Notes on James Herndon.
BY TONY WOLK
These notes are provided as annotations to Wolk’s 1972 interview with James Baldwin.
JAMES HERNDON (1926-1990): Author of The Way It Spozed To Be and How to Survive in Your Native Land (Heinnemann, 1968 & 1971). The Way It Spozed To Be comes out in the open about the way language varies from person to person. The word for my language versus yours is ideolect; the word for one locale versus another locale is dialect. And somewhere along the line we speak of languages. Yet, across Europe, for example, inevitably you speak the same language as your neighbor—yet look at all the dotted lines on the map!
Of course language is but one aspect of our schooling. Once you bring a row of textbooks into a classroom its becomes more prescriptive (vs. descriptive), that is, one size fits all. Which explains the Scopes trial back in the1920’s and whether we are allowed to admit Charles Darwin’s theory of evolution into the curriculum. That is, the distinction between science and religion. It explains how Jonathan Kozol, a Rhodes Scholar (one of the few who became grade school teachers), was fired for including Langston Hughes into his classroom in Boston in 1964. See Death at an Early Age: The Destruction of the Hearts and Minds of Negro Children in the Boston Schools (Houghton Mifflin, 1967). I’ll also recommend Kozol’s more recent book, The Shame of the Nation: The Restoration of Apartheid Schooling in America (Crown, 2005).

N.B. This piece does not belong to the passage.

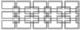 68881_curtain.png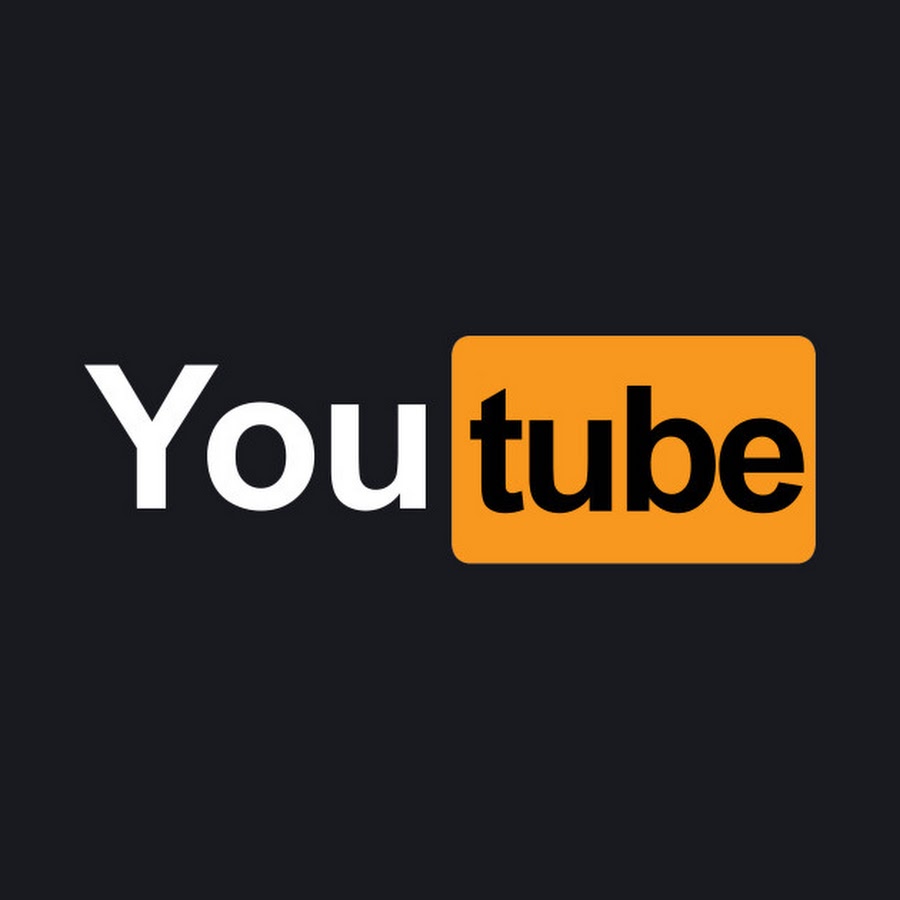 head-porn-hub-for-mobile-teen-sex-pics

James Herndon is one of many teachers and writers who have steadily been a voice for the fluidity of language. You’ll see that in the creolization of Frantz Fanon’s mixture of Carib, French, English, etc. It’s a process that is ever going. It explains why there isn’t a single planetary language. The other side of that coin is those (generally English speakers) who want our grammar to mirror the Latin grammar from two thousand years ago. My fixation in the interview on the split infinitive is but one example of the arbitrary rule. (On the off-chance you might want to go a step further: in Latin, and hence in what are known as the Romance languages [like French, Spanish, Italian, Romanian, etc.], the infinitive is a single word [aller for to go, parler for to speak]. But English grammar derives from a Germanic family of languages, where the splitting is so easy—who hasn’t heard To boldly go where no man has gone before!)
Strangely, this laying down the law is thanks to a single person: Bishop Lowth, who in the eighteenth century wrote a first grammar for English speakers—really, who but foreigners would have any need for such grammars! The well-meaning Bishop did it by translating a Latin grammar book into English! Presto-chango! Curiously, I remember hearing my father in the 1950s still uttering the old saw, Latin grammar is perfect grammar.
The case with our native tongue is much the same. No matter what you hear at home, this (says the teacher with handbook in hand) is how you will use the language. The American Heritage Dictionary from the late 60s goes out of its way to freeze our usage, with a Usage Panel of more than a hundred “experts.” Examples of its strange narrowness includes avoiding words like roundish (meaning kind of round), because things are either round or they aren’t. In the same way you’re either perfect or you’re not, no in-between. Despite the familiar phrase, In order to form a more perfect union. Nor can you use certain words, like ain’t, a contraction like is+not for am+not. It’s handy, and there’s no one who has never uttered it.
All this is preface to especially how it is for black students (notice the added emphasis you get by splitting that infinitive). My student Mel Toran from storefront campus days (see the introduction) told me that he spoke one way in school but another at home, that he had that under control. But, came the realization: at home he was speaking school!
Pardon if I’ve gone on too long, but as a teacher who asks his students to write (and who loves the science of linguistics), I don’t want to see them in strait-jackets (spell-checker wants straitjackets!) I wonder how spell-checker figured that out. Oh! It’s thanks to The American Heritage Dictionary—shoulda knowed.